January 5, 1998

Dead Ducks

I recognized the sounds but they really did not register. I had just begun a walk down my street when the guns exploded. At least that is what I surmise happened. I suppose that they did not actually explode. In fact, I know that they did not because I saw them intact later on. But the sound was loud - the source of the compression unmistakable. No one had dropped a load of lumber. No one had lit off-season fire crackers. No, these were gunshots - two of them and then no more.


So I guess the sounds did register, because I can still hear them. But at the time they did not seem like any big deal - just faraway sounds that maybe were too loud and too close.


I continued my walk on this spring-like January day - a day which softens us up for the real blows of winter to come. But even with that knowledge, it is still a liberating experience. The future feels more open and opportunity beckons.


At the bridge near the end of my street, the creek was rushing towards the ocean and hunters were on the move - two men toting guns moving purposefully in opposite directions across the marsh. One disappeared into the small creek about two hundred yards away, his head popping up from time to time. His partner was further down the road and he headed to the same spot in the creek with a large branch in tow.


I could not figure out what they were doing, but in a few short minutes it became clear. They strode back across the marsh with their rifles and their prey - two hunters, two gunshots and two dead ducks.

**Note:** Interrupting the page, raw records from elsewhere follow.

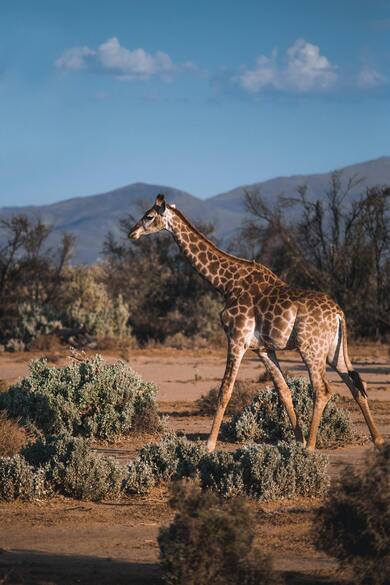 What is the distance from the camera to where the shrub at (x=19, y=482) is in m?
10.4

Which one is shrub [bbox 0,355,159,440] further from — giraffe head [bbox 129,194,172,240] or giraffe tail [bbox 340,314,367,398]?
giraffe tail [bbox 340,314,367,398]

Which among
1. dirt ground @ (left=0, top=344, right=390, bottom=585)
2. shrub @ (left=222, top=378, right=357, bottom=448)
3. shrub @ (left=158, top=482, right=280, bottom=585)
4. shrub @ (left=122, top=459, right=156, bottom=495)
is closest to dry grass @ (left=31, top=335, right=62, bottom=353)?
shrub @ (left=222, top=378, right=357, bottom=448)

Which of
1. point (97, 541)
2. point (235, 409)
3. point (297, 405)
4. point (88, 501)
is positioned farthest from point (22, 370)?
point (97, 541)

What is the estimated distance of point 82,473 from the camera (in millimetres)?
10609

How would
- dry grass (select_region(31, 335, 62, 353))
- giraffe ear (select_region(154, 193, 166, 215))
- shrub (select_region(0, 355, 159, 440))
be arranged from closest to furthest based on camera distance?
1. giraffe ear (select_region(154, 193, 166, 215))
2. shrub (select_region(0, 355, 159, 440))
3. dry grass (select_region(31, 335, 62, 353))

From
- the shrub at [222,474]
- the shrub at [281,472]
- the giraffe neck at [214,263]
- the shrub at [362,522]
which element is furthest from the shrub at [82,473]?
the shrub at [362,522]

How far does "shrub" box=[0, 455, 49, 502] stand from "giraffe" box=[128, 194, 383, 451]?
215cm

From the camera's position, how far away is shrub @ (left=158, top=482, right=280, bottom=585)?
22.6ft

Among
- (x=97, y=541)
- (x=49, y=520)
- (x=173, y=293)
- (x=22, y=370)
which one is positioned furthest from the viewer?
(x=173, y=293)

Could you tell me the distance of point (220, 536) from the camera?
22.9ft

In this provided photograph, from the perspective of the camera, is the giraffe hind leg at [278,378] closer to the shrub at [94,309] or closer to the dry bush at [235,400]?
the dry bush at [235,400]

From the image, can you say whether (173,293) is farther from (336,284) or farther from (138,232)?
(138,232)

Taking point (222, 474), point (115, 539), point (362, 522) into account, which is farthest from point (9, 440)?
point (362, 522)

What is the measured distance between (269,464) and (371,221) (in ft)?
80.3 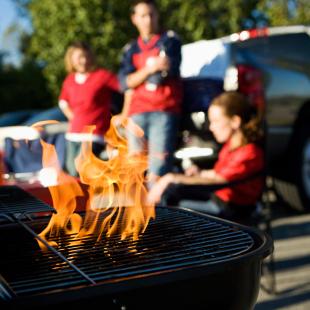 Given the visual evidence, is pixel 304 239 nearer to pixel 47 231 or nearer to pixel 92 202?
pixel 92 202

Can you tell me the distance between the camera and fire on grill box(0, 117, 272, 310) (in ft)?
4.85

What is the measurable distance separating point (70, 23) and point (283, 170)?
10.3 m

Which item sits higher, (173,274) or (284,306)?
(173,274)

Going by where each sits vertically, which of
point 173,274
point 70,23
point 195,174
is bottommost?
point 195,174

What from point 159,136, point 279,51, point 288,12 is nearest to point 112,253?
point 159,136

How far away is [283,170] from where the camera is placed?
610cm

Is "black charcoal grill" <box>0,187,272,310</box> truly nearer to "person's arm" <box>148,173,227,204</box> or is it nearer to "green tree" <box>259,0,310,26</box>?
"person's arm" <box>148,173,227,204</box>

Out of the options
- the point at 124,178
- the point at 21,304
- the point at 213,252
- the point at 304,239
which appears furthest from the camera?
the point at 304,239

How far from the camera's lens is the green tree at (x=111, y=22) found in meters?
14.9

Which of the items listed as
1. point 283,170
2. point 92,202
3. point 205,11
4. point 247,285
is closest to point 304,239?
point 283,170

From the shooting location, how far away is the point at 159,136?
4.21 metres

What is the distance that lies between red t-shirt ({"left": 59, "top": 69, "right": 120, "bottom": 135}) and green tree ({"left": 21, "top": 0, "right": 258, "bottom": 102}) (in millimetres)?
9863

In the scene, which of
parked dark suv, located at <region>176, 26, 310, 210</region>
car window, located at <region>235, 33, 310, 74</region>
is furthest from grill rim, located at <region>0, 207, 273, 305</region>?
car window, located at <region>235, 33, 310, 74</region>

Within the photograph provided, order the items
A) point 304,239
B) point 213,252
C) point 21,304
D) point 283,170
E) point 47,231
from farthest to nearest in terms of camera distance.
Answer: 1. point 283,170
2. point 304,239
3. point 47,231
4. point 213,252
5. point 21,304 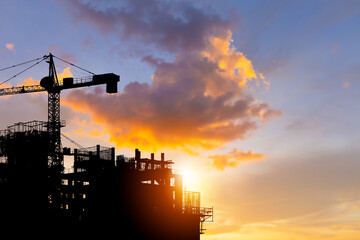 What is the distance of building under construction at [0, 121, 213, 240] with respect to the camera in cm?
9925

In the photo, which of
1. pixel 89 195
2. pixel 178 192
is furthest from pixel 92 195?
pixel 178 192

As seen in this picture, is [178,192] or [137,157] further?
[178,192]

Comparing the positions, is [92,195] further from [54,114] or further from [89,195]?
[54,114]

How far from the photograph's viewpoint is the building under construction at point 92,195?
99.2 meters

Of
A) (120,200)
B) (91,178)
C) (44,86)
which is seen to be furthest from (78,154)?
(44,86)

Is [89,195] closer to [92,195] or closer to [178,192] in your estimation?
[92,195]

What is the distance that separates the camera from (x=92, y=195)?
348ft

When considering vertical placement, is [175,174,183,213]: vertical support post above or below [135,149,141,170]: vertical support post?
below

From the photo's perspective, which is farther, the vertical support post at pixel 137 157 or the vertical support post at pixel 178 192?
the vertical support post at pixel 178 192

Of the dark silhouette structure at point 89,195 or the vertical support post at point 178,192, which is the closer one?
the dark silhouette structure at point 89,195

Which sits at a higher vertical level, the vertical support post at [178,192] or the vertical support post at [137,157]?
the vertical support post at [137,157]

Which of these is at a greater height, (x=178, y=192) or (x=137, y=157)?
(x=137, y=157)

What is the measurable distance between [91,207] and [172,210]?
60.0 feet

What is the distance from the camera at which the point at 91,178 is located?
351 feet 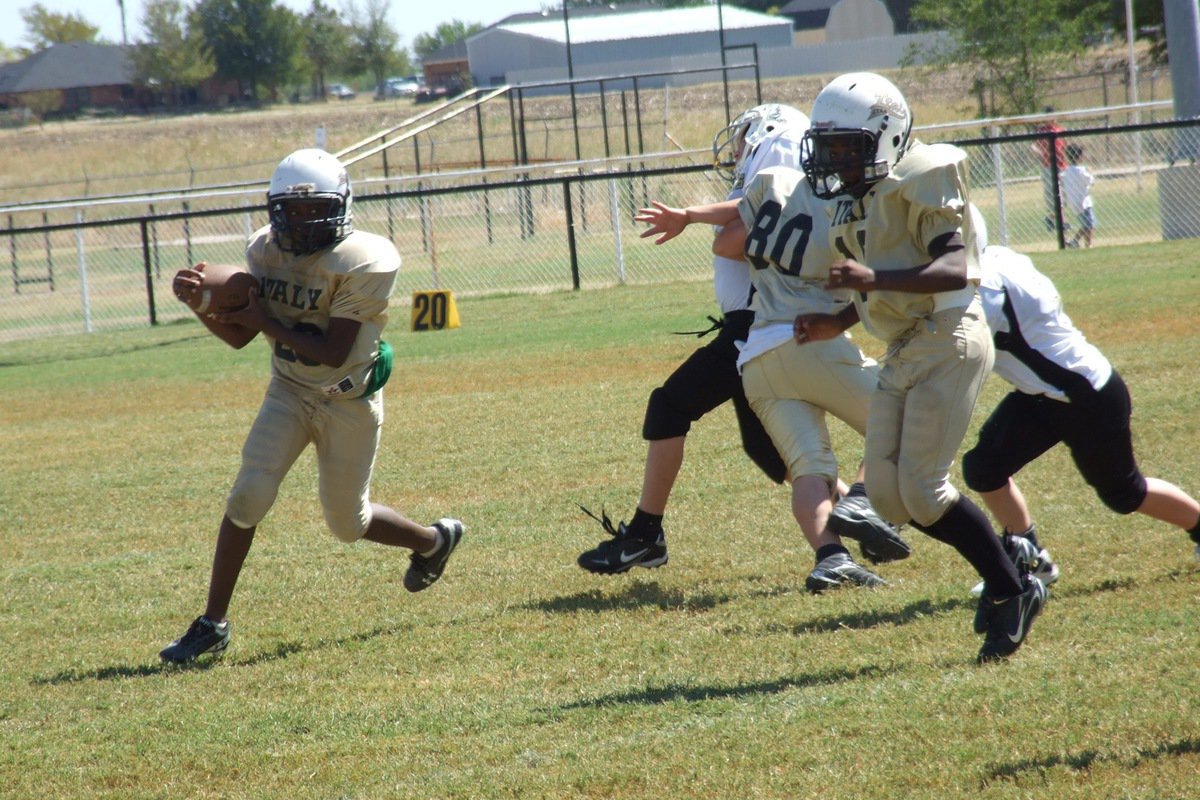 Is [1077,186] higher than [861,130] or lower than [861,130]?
higher

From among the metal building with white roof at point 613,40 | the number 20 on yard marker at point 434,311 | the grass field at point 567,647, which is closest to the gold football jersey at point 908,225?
the grass field at point 567,647

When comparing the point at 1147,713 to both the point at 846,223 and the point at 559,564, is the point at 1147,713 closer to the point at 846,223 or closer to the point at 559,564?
the point at 846,223

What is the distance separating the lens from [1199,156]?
17.8m

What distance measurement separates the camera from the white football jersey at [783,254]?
521cm

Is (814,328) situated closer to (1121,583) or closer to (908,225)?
(908,225)

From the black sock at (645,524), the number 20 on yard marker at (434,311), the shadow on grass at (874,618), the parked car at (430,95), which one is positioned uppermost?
the parked car at (430,95)

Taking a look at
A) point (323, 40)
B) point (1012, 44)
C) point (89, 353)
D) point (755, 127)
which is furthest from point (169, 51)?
point (755, 127)

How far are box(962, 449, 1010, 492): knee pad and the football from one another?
2766mm

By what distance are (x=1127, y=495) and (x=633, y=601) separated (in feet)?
6.41

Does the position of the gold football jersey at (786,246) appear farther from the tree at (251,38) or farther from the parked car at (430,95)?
the tree at (251,38)


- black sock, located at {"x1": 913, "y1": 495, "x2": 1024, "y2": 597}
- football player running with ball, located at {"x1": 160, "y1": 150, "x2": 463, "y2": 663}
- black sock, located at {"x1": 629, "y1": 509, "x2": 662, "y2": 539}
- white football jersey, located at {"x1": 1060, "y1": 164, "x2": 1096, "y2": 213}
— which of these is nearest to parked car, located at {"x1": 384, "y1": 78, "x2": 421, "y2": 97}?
white football jersey, located at {"x1": 1060, "y1": 164, "x2": 1096, "y2": 213}

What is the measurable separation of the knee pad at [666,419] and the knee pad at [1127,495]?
1726mm

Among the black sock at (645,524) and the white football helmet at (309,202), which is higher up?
the white football helmet at (309,202)

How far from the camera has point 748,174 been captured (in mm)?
5594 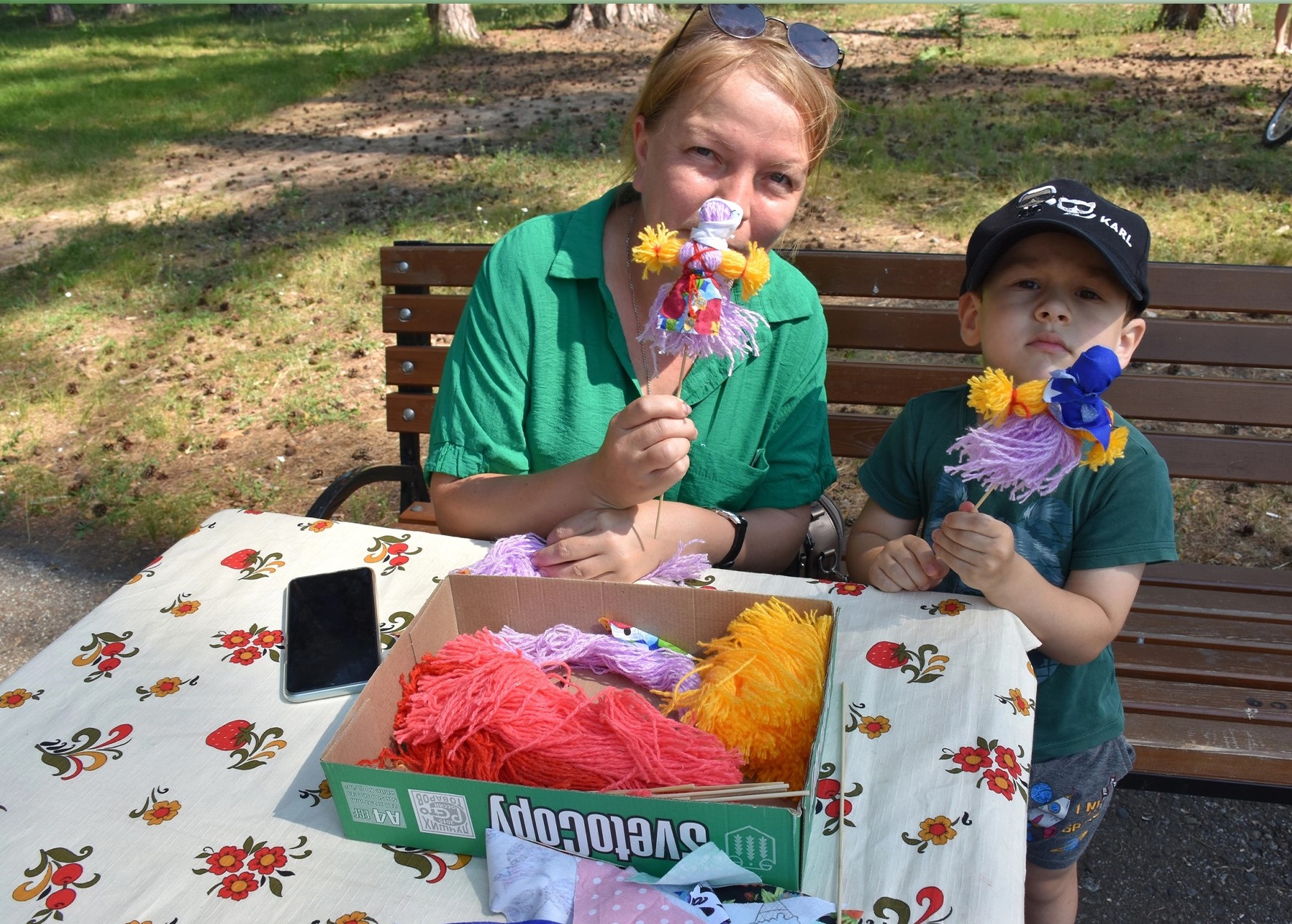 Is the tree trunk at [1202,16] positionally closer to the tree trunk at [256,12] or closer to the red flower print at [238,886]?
the red flower print at [238,886]

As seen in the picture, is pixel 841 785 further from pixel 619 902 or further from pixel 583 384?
pixel 583 384

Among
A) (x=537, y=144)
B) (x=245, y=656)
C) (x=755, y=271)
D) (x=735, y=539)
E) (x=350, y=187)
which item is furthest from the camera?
(x=537, y=144)

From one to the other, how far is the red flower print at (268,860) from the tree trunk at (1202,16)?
13.9 m

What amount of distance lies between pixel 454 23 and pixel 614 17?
7.49 ft

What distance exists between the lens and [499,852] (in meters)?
1.09

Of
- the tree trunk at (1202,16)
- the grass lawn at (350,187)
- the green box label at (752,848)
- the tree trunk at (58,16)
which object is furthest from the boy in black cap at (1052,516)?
the tree trunk at (58,16)

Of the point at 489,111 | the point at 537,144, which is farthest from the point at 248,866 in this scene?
the point at 489,111

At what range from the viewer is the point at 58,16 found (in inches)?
846

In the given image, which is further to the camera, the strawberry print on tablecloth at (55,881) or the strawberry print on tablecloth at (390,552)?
the strawberry print on tablecloth at (390,552)

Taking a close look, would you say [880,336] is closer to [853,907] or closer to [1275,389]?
[1275,389]

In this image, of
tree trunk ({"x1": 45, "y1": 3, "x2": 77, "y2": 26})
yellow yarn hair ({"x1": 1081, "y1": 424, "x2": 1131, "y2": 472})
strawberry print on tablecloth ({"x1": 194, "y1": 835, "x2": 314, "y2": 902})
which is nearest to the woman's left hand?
strawberry print on tablecloth ({"x1": 194, "y1": 835, "x2": 314, "y2": 902})

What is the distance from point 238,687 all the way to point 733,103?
1.27 m

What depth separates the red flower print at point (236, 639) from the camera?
5.05 ft

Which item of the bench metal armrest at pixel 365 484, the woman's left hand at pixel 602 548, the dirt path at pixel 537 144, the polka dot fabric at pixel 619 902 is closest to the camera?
the polka dot fabric at pixel 619 902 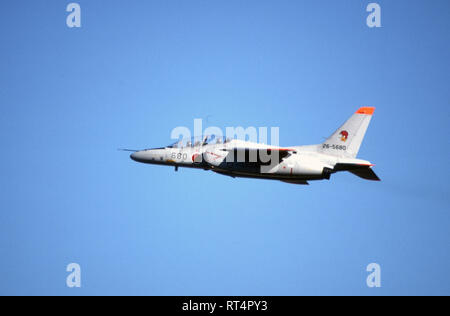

I sit and sob while I write this. This is not an anti-hunting diatribe. I recognize their right to hunt. I eat meat and I have eaten duck. No, the tears are not for the ducks or the hunters. The tears are for me. The tears are for the violence.


Real violence at any level rips me apart. Oh, how I wish that it were not so. But my brain and body are hard-wired for a reaction of unreasonable anxiety and depression.


It is about my childhood. There were no guns in my childhood and I have never held a gun. But there was a different kind of violence - the subtle and permitted violence of angry, anxious, frustrated and depressed adults. I am not going to go into the details. I know the details and that is enough.


What I want to do is to change the wiring. If this is how I react to just being near hunters, can you imagine how I react if I am part of an angry confrontation? I was recently the target of a verbal attack by an angry woman whom I had just met, and that put me in a tailspin for two weeks. I want this to change.


I know that the first step in change is awareness, so perhaps the hunters gave me a gift. The impact of violence on me has never been so clear. I can only hope that the cold clarity will lead to answers that today I do not possess.